*** EXCERPTED RECORDS ***

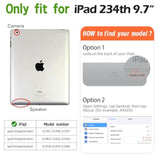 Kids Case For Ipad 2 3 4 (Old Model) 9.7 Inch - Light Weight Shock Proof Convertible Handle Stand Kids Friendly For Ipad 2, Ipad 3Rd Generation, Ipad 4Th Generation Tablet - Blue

*** End of EXCERPTED RECORDS ***
*** EXCERPTED RECORDS ***

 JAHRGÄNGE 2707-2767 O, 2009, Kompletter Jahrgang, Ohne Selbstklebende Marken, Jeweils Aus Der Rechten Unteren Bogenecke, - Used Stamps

*** End of EXCERPTED RECORDS ***
*** EXCERPTED RECORDS ***

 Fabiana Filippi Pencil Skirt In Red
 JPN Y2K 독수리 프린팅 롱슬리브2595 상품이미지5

*** End of EXCERPTED RECORDS ***

_AIM OF THE EXERCISE_
Every line above from the line with "Fabiana Filippi Pencil Skirt In Red" to the line with "JPN Y2K 독수리 프린팅 롱슬리브2595 상품이미지5", inclusive, must be returned exactly; no other line belongs in the reply.

_ANSWER TO THIS EXERCISE_
 Fabiana Filippi Pencil Skirt In Red
 JPN Y2K 독수리 프린팅 롱슬리브2595 상품이미지5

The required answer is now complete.